Sweden has become the first country in northern Europe to slide into serious deflation, prompting a blistering attack on the Riksbank’s monetary policies by the world’s leading deflation expert.
Swedish consumer prices fell 0.4pc in March from a year earlier, catching the authorities by surprise and leading to calls for immediate action to avert a Japanese-style trap.
Lars Svensson, the Riksbank’s former deputy governor, explained that this falling prices are a problem, because they cause debt burdens to ratchet up in real terms. Swedish household debt is 170pc of disposable income
This is a bit rich. Creeping inflation has hurt savers for years, slowly wiping out the value of their hard earned savings. Now a 0.4 percent fall in pirces hurts bgorrowers, and the central banks get worried. It is clear whose side they are on.

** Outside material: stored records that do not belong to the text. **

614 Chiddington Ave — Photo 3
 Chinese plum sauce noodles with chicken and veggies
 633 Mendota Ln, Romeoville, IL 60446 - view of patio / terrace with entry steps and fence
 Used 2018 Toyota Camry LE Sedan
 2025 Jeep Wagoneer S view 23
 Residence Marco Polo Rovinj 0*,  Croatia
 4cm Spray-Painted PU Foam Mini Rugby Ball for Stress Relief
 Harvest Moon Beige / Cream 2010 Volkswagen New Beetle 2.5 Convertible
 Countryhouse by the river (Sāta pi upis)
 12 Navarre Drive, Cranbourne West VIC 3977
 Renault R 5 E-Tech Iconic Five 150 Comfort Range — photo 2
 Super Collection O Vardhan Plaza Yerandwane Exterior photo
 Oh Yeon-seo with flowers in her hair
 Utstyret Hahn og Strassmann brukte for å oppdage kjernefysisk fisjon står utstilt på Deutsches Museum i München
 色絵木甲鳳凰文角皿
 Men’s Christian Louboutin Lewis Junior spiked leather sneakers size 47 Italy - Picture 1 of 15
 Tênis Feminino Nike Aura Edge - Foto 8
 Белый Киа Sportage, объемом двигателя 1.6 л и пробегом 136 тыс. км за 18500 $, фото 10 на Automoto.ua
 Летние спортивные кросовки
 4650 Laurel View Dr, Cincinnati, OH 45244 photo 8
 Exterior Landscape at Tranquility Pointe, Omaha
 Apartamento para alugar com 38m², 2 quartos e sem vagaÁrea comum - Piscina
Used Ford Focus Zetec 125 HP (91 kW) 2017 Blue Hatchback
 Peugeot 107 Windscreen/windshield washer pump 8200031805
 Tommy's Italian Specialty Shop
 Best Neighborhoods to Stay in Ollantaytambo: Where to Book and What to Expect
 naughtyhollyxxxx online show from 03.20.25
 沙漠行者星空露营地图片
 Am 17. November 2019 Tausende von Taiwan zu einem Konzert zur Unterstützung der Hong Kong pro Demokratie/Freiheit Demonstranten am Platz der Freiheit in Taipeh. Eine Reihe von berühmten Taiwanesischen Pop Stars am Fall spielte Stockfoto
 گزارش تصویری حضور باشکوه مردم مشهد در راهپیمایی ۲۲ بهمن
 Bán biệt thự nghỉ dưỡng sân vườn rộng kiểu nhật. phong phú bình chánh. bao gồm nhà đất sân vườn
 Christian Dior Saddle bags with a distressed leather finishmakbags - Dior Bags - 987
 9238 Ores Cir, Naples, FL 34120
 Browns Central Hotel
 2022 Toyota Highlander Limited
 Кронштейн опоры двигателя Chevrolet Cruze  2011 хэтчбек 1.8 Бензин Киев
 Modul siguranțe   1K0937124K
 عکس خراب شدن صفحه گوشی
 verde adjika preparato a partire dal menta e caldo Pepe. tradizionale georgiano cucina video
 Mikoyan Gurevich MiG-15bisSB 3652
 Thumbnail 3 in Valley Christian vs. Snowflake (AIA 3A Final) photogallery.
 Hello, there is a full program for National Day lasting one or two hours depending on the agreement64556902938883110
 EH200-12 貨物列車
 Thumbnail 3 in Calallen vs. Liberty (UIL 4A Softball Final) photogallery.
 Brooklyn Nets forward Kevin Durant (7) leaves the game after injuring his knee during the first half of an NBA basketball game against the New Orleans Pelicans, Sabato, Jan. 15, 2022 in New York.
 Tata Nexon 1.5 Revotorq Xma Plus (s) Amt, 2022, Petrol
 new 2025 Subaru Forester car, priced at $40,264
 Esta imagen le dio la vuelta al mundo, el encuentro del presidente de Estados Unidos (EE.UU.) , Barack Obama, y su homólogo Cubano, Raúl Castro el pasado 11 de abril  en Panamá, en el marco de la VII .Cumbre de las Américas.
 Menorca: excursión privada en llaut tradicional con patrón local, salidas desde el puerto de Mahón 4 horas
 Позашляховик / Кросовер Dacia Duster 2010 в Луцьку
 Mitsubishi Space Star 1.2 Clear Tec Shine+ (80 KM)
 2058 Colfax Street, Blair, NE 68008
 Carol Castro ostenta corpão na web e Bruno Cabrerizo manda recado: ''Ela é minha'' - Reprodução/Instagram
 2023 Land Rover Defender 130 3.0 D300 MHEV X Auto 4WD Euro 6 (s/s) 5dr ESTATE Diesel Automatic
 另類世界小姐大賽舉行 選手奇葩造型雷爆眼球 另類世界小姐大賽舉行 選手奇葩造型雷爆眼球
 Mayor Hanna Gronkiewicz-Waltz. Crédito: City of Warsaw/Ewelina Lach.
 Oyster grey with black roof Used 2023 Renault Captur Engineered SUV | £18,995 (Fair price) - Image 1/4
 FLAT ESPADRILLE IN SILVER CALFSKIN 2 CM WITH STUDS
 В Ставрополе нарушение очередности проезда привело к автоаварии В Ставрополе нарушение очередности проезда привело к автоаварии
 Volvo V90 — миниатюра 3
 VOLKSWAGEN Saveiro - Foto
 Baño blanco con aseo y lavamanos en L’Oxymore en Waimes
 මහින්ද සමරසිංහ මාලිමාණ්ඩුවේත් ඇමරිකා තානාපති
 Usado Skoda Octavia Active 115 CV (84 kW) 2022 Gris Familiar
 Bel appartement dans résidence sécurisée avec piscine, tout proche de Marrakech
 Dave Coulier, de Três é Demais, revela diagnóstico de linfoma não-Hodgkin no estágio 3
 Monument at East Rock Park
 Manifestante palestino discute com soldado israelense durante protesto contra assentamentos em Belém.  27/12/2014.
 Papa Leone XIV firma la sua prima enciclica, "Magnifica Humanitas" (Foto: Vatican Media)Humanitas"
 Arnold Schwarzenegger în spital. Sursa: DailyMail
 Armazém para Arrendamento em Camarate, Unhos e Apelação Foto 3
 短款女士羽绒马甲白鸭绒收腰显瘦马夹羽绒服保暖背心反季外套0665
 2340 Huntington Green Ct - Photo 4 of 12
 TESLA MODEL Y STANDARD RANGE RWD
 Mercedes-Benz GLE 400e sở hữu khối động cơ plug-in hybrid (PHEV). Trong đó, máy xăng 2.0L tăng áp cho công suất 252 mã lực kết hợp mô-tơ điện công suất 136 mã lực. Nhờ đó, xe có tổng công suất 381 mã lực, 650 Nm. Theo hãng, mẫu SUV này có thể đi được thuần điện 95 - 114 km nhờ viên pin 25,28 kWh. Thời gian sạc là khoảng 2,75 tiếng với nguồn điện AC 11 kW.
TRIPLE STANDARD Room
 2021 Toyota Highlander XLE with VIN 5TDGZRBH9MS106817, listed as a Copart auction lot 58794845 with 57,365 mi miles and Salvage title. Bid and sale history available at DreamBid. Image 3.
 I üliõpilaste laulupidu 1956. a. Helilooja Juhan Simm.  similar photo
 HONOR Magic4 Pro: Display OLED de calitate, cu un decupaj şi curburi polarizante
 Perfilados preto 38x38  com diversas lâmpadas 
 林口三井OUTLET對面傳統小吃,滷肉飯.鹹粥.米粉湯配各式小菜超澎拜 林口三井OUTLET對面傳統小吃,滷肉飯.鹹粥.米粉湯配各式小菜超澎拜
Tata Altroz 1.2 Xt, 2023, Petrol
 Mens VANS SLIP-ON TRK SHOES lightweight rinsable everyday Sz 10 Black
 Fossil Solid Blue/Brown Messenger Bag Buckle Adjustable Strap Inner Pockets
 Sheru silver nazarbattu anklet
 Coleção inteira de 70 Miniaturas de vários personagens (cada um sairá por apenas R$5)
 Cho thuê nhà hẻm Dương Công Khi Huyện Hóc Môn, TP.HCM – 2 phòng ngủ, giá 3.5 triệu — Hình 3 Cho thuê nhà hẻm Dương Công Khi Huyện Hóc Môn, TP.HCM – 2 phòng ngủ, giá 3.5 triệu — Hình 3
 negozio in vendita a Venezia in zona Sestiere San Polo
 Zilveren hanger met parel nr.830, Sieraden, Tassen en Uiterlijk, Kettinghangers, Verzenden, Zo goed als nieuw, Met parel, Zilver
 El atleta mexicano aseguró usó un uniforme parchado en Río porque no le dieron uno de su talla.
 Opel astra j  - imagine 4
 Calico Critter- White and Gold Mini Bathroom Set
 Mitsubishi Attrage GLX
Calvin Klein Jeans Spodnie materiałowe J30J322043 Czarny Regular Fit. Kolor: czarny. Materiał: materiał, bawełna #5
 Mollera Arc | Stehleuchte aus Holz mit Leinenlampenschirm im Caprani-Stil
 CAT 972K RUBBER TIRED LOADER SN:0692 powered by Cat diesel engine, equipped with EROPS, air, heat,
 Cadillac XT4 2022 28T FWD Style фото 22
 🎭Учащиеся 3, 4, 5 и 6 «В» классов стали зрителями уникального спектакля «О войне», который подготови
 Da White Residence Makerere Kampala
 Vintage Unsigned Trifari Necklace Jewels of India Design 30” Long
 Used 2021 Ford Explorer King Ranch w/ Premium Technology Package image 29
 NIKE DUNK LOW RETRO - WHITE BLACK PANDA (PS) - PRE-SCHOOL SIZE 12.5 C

Central banks have been rewarding borrowers and punishing savers forever. This contributed to weak risk assessments which contributed to the Global Financial Crisis.
Central Banks fear deflation. The most common argument is that if prices are falling people will stop buying and wait till prices get lower. This does not make sense. Technology prices have been falling for years, but people have not stopped buying.
Chis Casey explains the flaws in this fear in his article called
Deflating the Deflation Myth.
In addition, the American economic experience during the nineteenth century is even more telling. Twice, while experiencing sustained and significant economic growth, the American economy “endured” deflationary periods of 50 percent.

This during a period of “sustained and significant economic growth”. But just think of all those poor consumers, having to make the best of constantly falling everyday low prices.
Deflation benefits consumers, because it increases their ability to buy things, without an increase in wages. The inflation of the last few decades has robbed consumers of reduction in prices that should have come through technology gains. These have been captured by people in debt.
Central banks believe deflation leads to depressions. Casey quotes a study completed by several Federal Reserve economists who found:
... the only episode in which we find evidence of a link between deflation and depression is the Great Depression (1929-34). We find virtually no evidence of such a link in any other period. ... What is striking is that nearly 90% of the episodes with deflation did not have depression. In a broad historical context, beyond the Great Depression, the notion that deflation and depression are linked virtually disappears.